▶ [BRIEF] Each entry that follows is to be retyped exactly. Pictures do not belong in the copy.

▶ [THE DATA]
%%
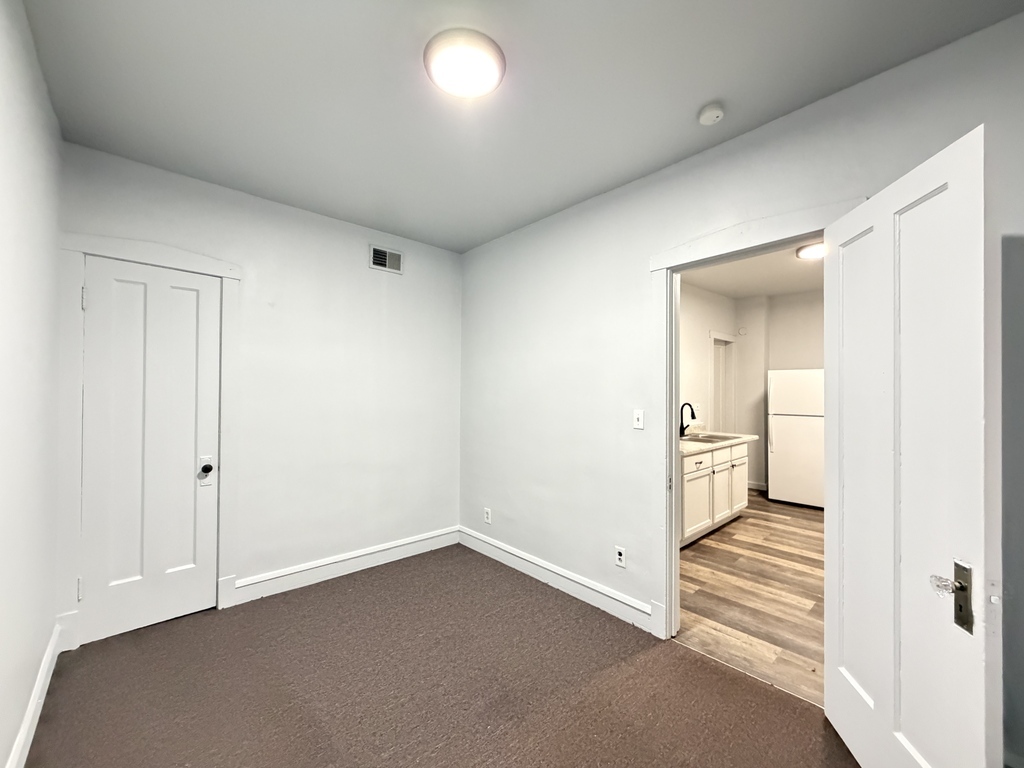 6018 W North Avenue 2 Property Photo 19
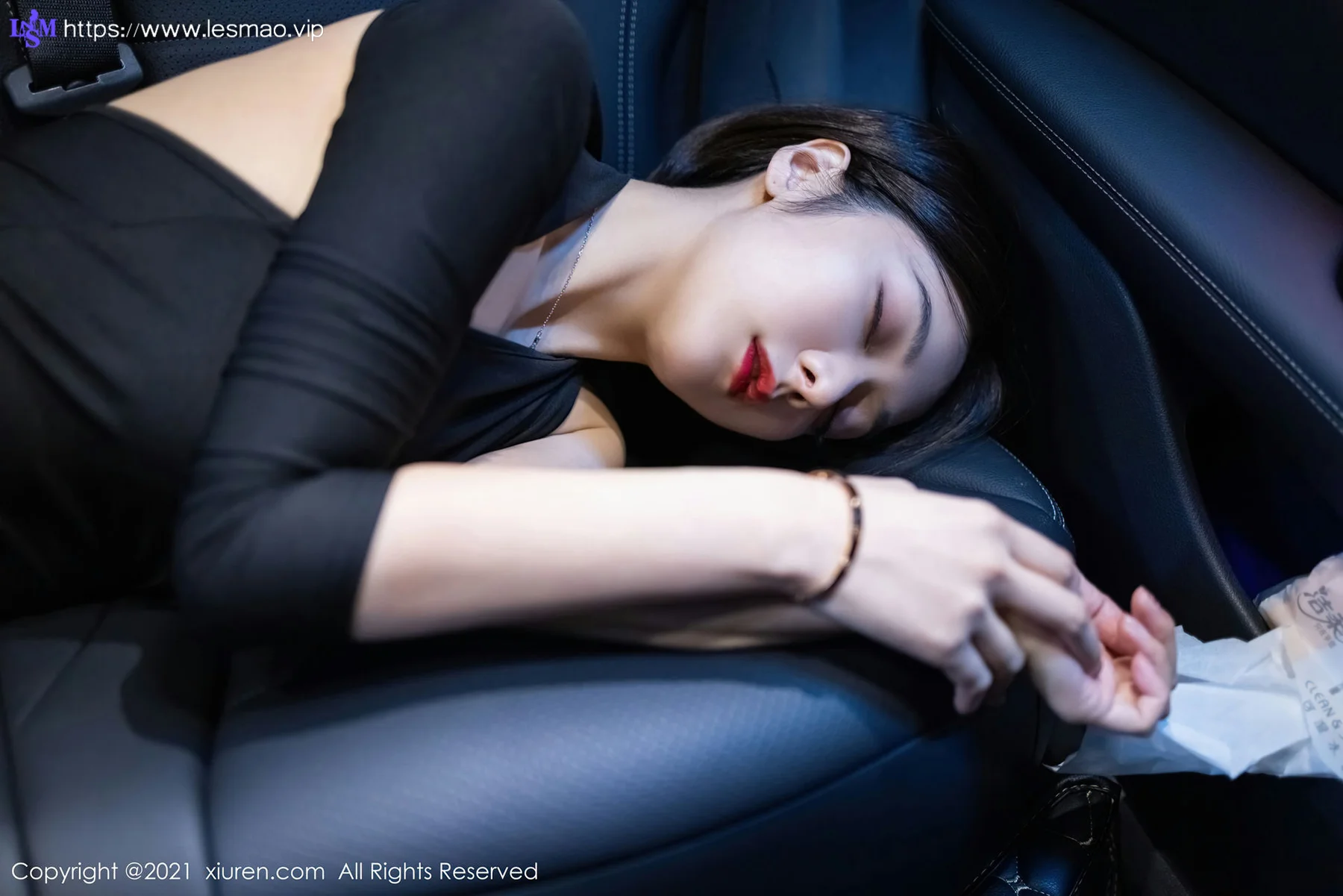 XiuRen 秀人 No.3264  停车场买醉美女剧情主题 Angela00 - 32
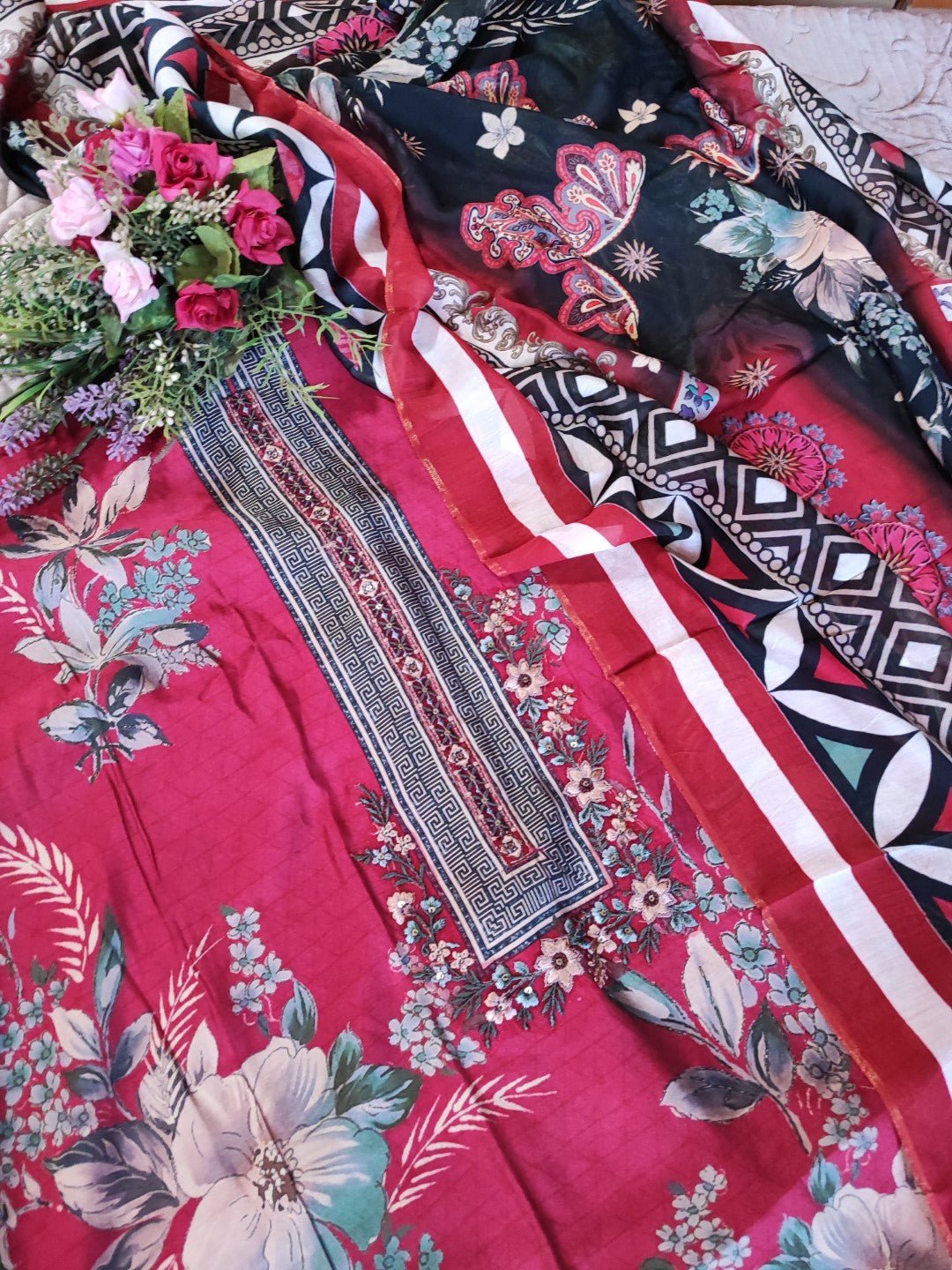 Masleen Printed Kurta Dupatta Pakistani style. - Neel Creations By Saanvi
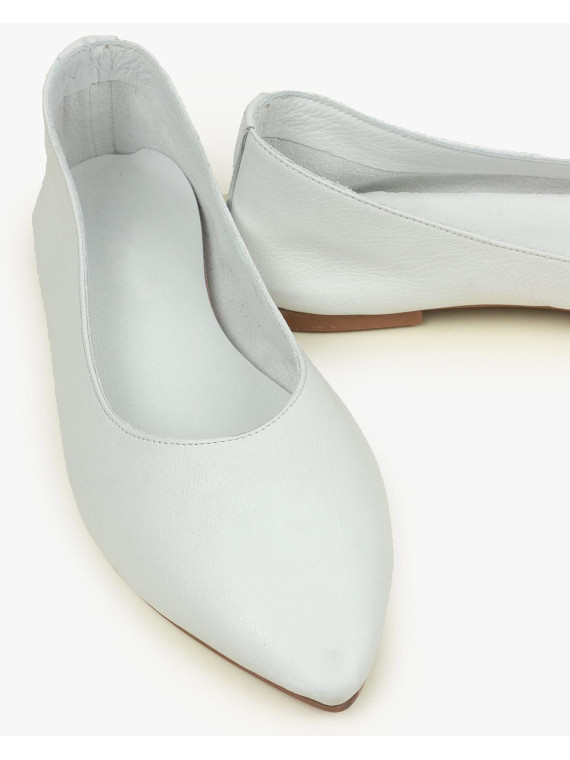 Białe baleriny damskie skórzane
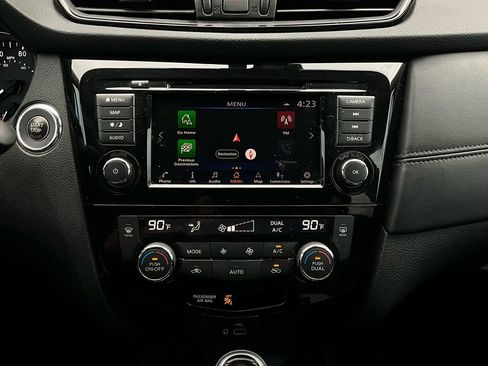 Used 2019 Nissan Rogue SL w/ Premium Package image 28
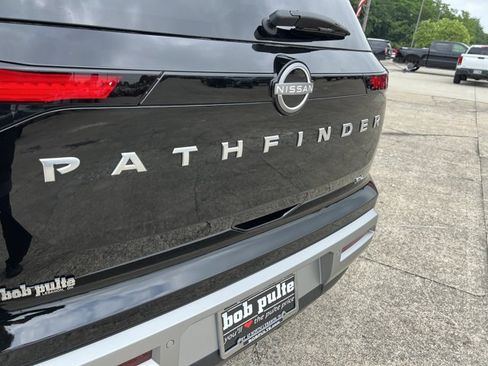 Used 2024 Nissan Pathfinder SL FWD image 32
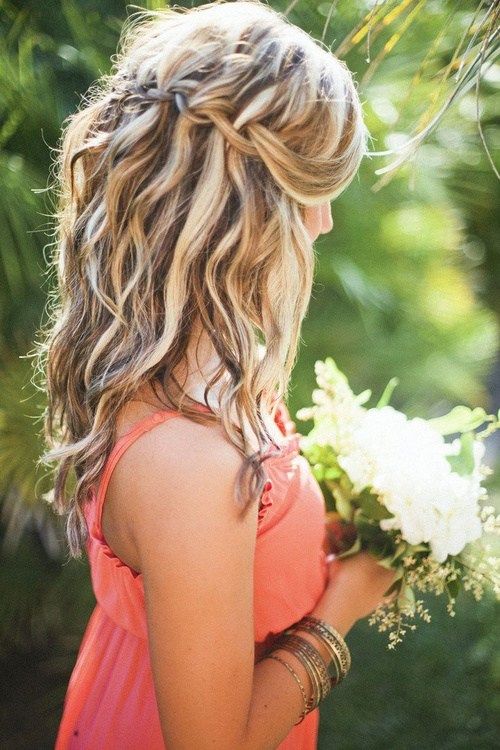 střední braided hairstyle for bridesmaids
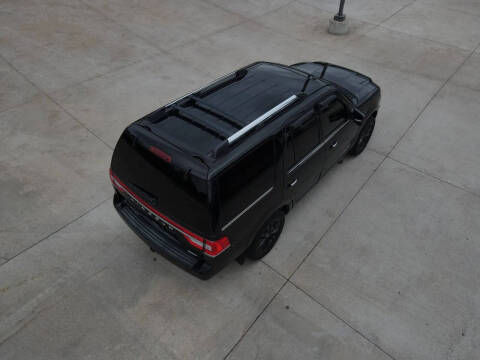 2016 Lincoln Navigator Select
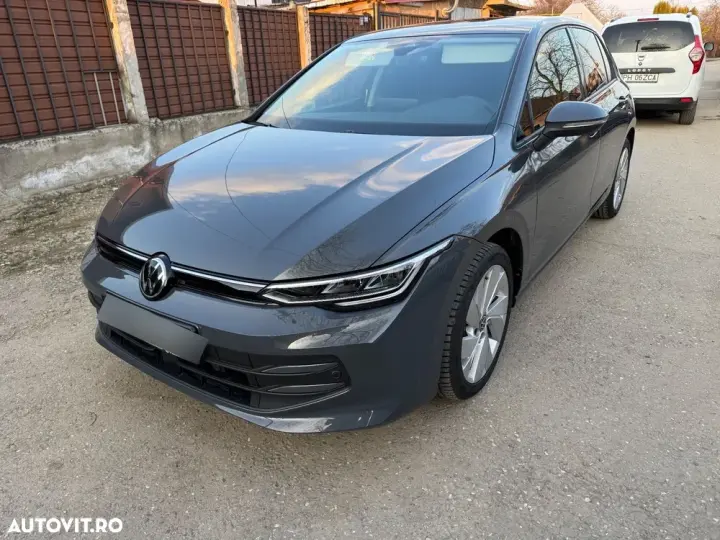 Volkswagen Golf VIII 1.5 TSI Advanced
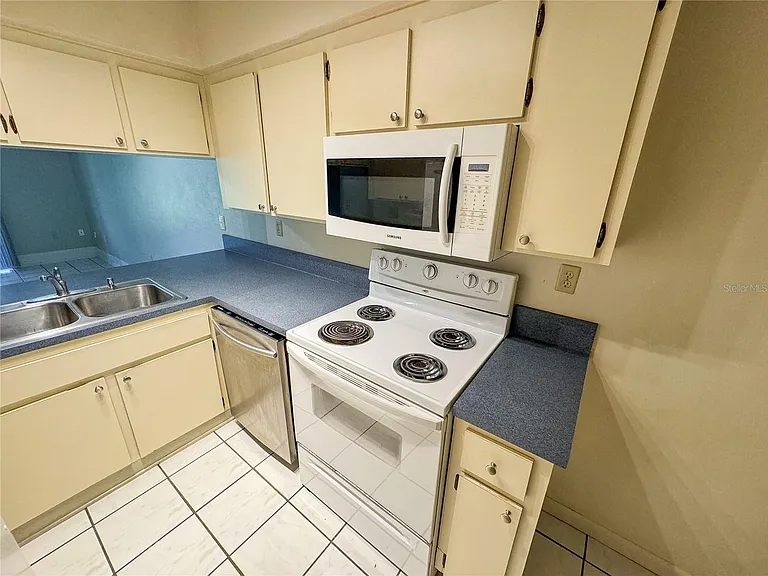 2635 SW 35th Pl #403 — Photo 9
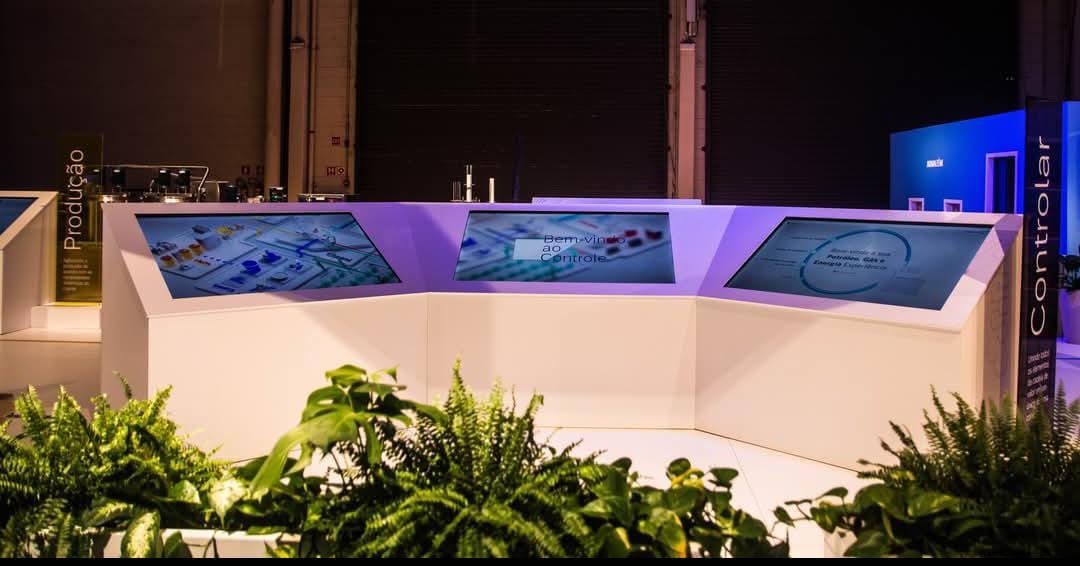 Locação Totem Touch Screen-luguel de totem touch screen-Aluguel de tvs touch screen Painel de Led EM 2026 Gamificação Para Eventos - Atração Para Seu Evento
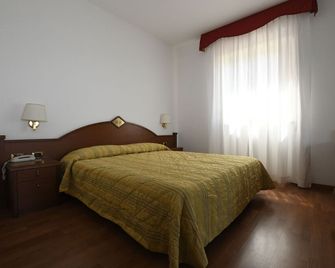 羅薩飯店 - 馬爾切斯奈 - 臥室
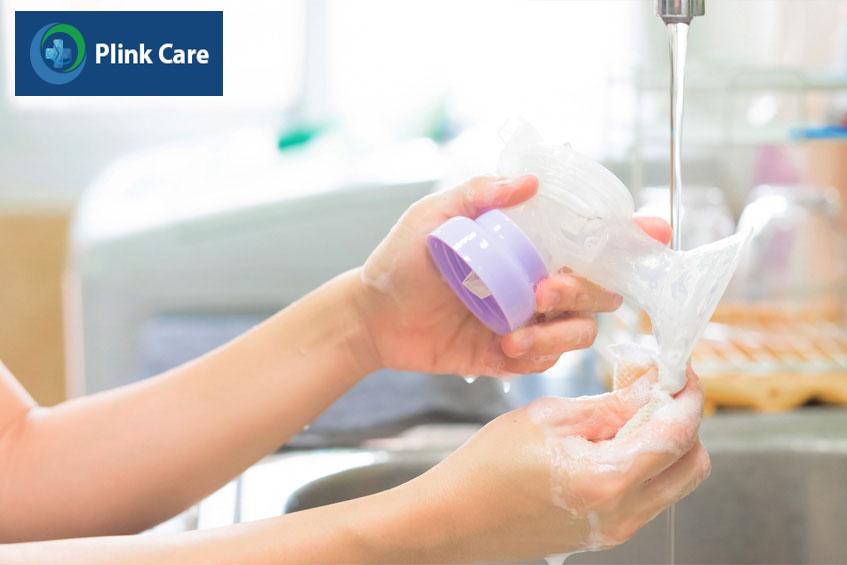 vệ sinh sạch sẽ sau khi hút sữa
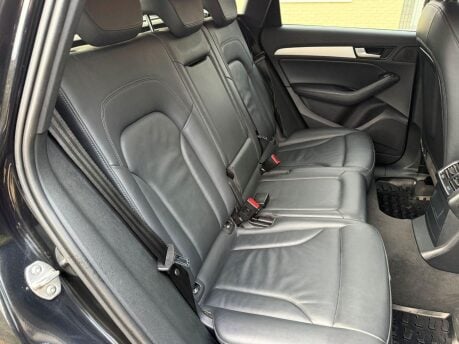 Audi Q5 2.0 TDI S line Plus S Tronic quattro Euro 5 (s/s) 5dr 25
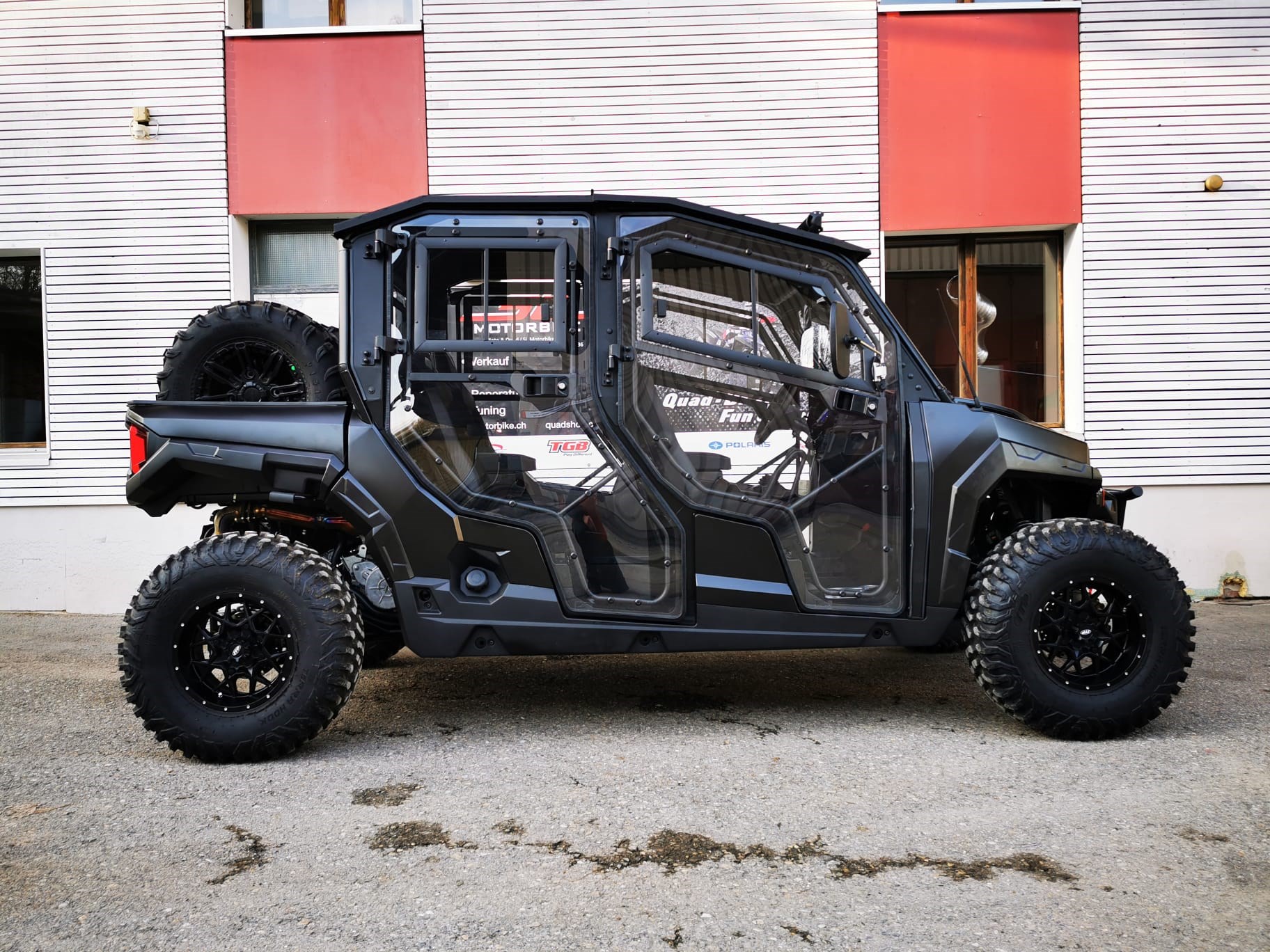POLARIS GENERAL Crew 1000-showroom-element-2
%%
▶ [RESULT FOR THIS TASK]
 6018 W North Avenue 2 Property Photo 19
 XiuRen 秀人 No.3264  停车场买醉美女剧情主题 Angela00 - 32
 Masleen Printed Kurta Dupatta Pakistani style. - Neel Creations By Saanvi
 Białe baleriny damskie skórzane
 Used 2019 Nissan Rogue SL w/ Premium Package image 28
 Used 2024 Nissan Pathfinder SL FWD image 32
 střední braided hairstyle for bridesmaids
 2016 Lincoln Navigator Select
 Volkswagen Golf VIII 1.5 TSI Advanced
 2635 SW 35th Pl #403 — Photo 9
 Locação Totem Touch Screen-luguel de totem touch screen-Aluguel de tvs touch screen Painel de Led EM 2026 Gamificação Para Eventos - Atração Para Seu Evento
 羅薩飯店 - 馬爾切斯奈 - 臥室
 vệ sinh sạch sẽ sau khi hút sữa
 Audi Q5 2.0 TDI S line Plus S Tronic quattro Euro 5 (s/s) 5dr 25
POLARIS GENERAL Crew 1000-showroom-element-2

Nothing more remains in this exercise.